Stochastic Learnings

Random walk in the land of machine learning, algorithms, and software engineering.

Follow me on GitHub

My impressions from NeurIPS 2018 conference

My team has a great tradition: everyone who goes to a major conference must write a report about it and share his/her impressions with the team. In that report we usually list the most interesting papers to be studied later in our ML reading group meetings. So the list below is effectively my study plan for the next 6 months.

Day 0: Sun Dec 2: Expo

This year, the conference started a day early with the Expo session, centered around the vendors and sponsors. Very nice move - most of the attendants had enough time to register (and grab some swag) before the main session starts. It was a problem last year, when I had to stay in line for registration for almost 2 hours.

Day 1: Mon Dec 3: Tutorials

This was the most interesting day for me :) I went to 3 tutorials:

Scalable Bayesian Inference

David Dunson gave a nice talk on large-scale Bayesian ML. He covered all familiar topics, like variational inference, MCMC and such, but with some nice modern techniques, e.g. using Wasserstein distance to aggregate the posteriors in distributed setting, or speeding up the MCMC by replacing expensive transition kernels with approximations. In the second part of the tutorial he also talked a lot about (distributed) Bayesian learning with the large number of features.
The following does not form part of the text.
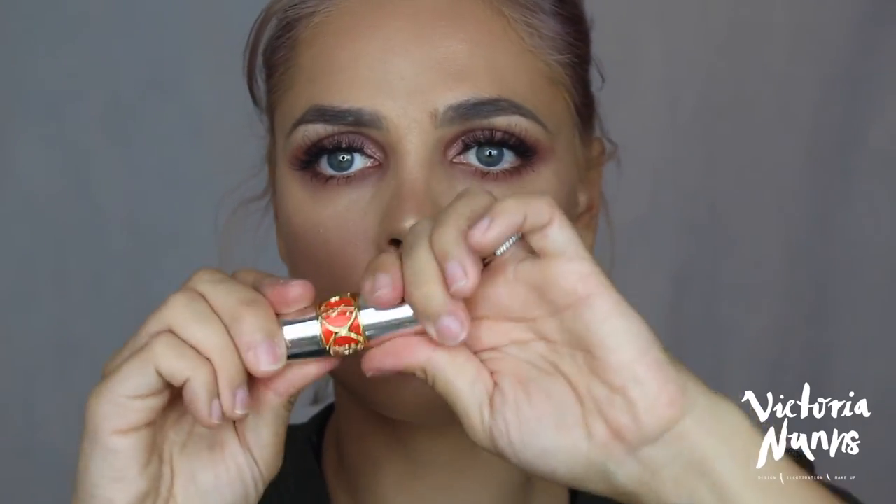Then I'm just going to line my lips with LA Girl lip liner, and then grab any lipstick that you like wearing — this is Mellow Cosmetics in Nude. If you want, you can put some lip balm or lip gloss over the top. And then of course seal everything with a setting spray — this is the Scandinavian Makeup Finishing Spray.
Negative Dependence, Stable Polynomials, and All That

That was the coolest tutorial of the whole conference. Just like with the Optimal Transport last year, it was a discovery of the new area of math that can be applied for machine learning. (New for me, that is). The theory of negative dependence allows modeling of the non-iid data, and the tutorial introduces an amazing toolbox based on Determinantal Point Processes. I am actively studying the area now, and plan to give a little tutorial on it for the team soon.

Statistical Learning Theory: a Hitchhiker’s Guide

That was a nice outline of what’s going on in the SLT world, starting with the basics (VC dimensions, PAC learning, etc.) all the way to PAC-Bayes and work to apply SLT to deep learning and all models with extremely large hypothesis spaces. In all, I found the tutorial a bit hard to follow – maybe I should re-watch the video and read more literature on the subject. PAC-Bayes seems the most interesting topic for me.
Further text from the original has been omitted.